═══ Supplied data ═══

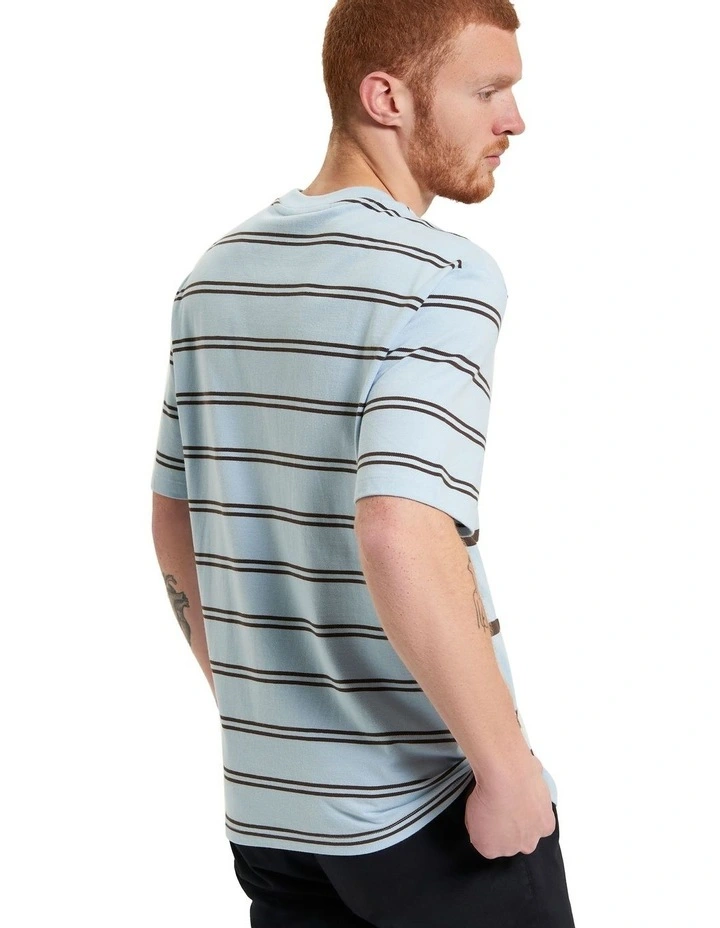 Mixed Stripe Tee in Ice Blue image 2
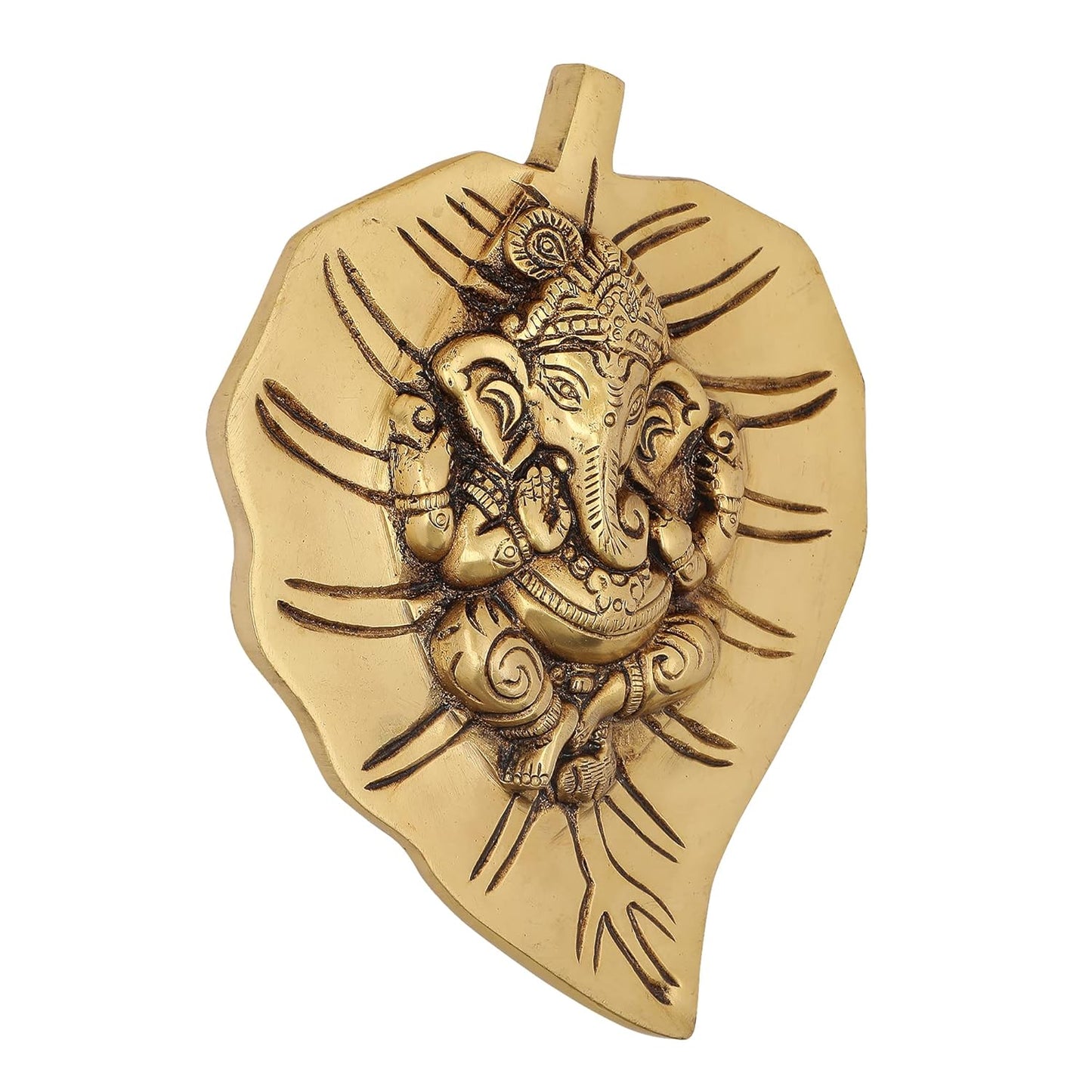 brass Ganesh on leaf wall hanging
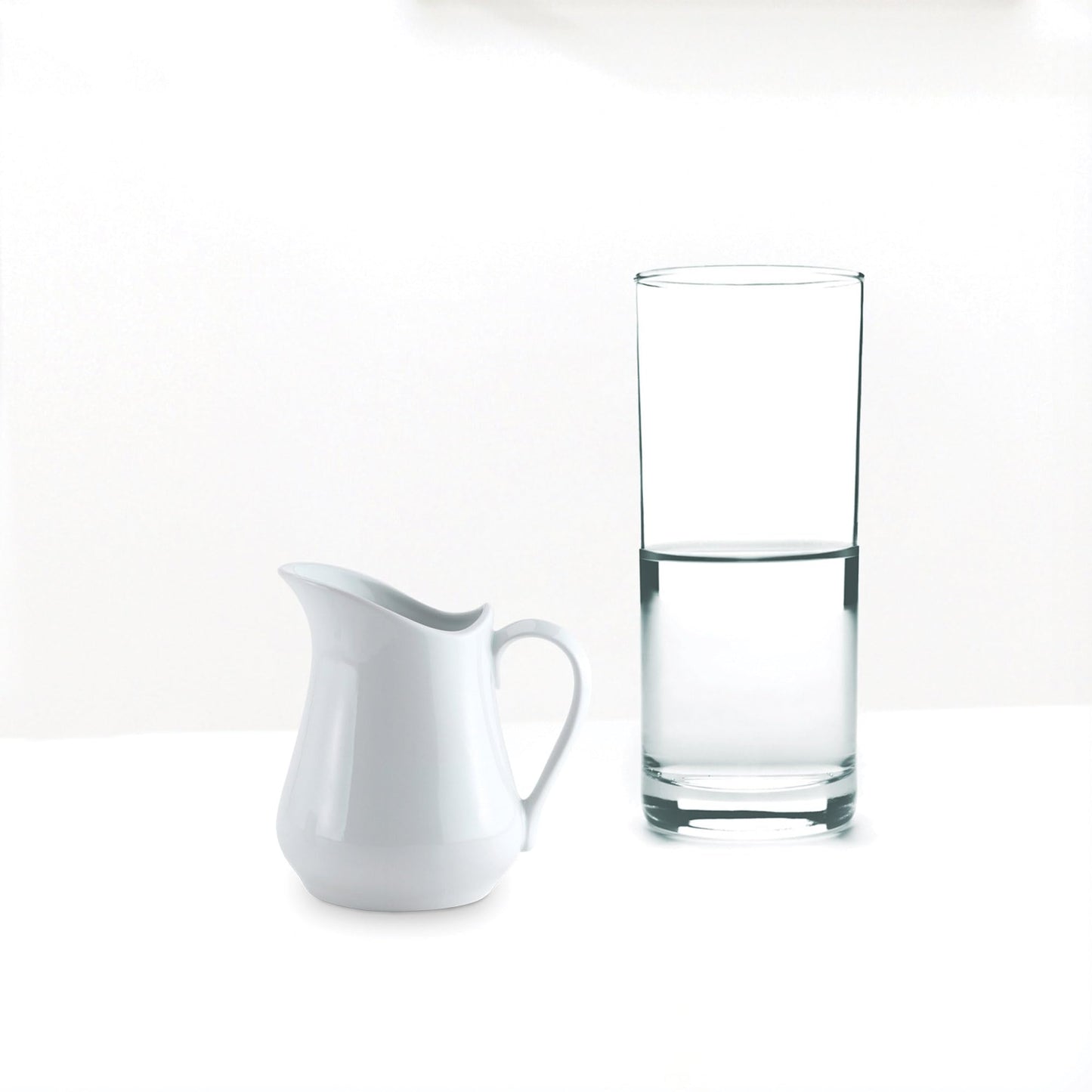 HIC Kitchen Creamer Pitcher with Handle, Fine White Porcelain, 4-Ounce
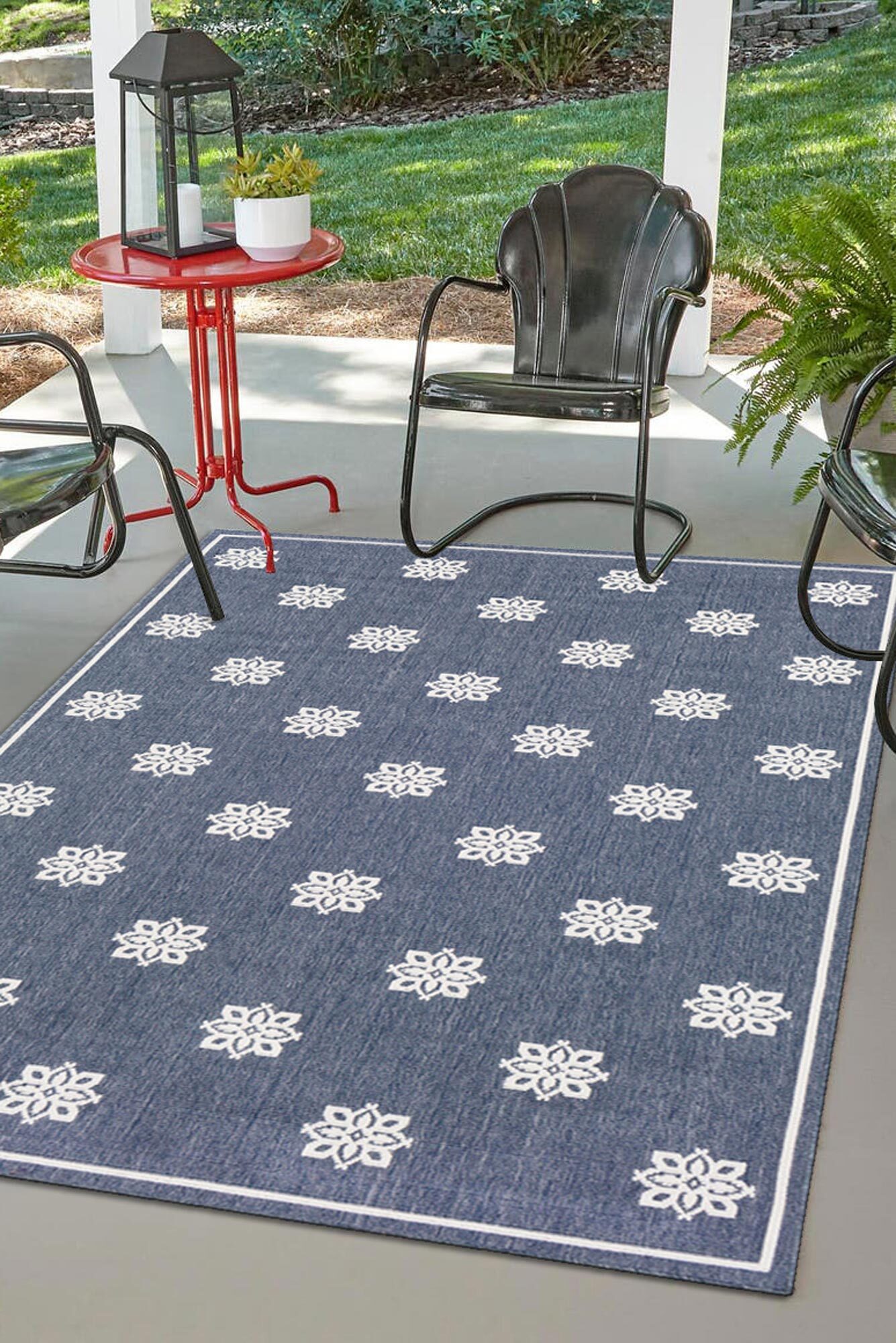 Large View Ambient Navy Floral Outdoor Rug(Size 170 x 120cm)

═══

Retype the listing verbatim, minus every image.

 Mixed Stripe Tee in Ice Blue image 2
 brass Ganesh on leaf wall hanging
 HIC Kitchen Creamer Pitcher with Handle, Fine White Porcelain, 4-Ounce
 Large View Ambient Navy Floral Outdoor Rug(Size 170 x 120cm)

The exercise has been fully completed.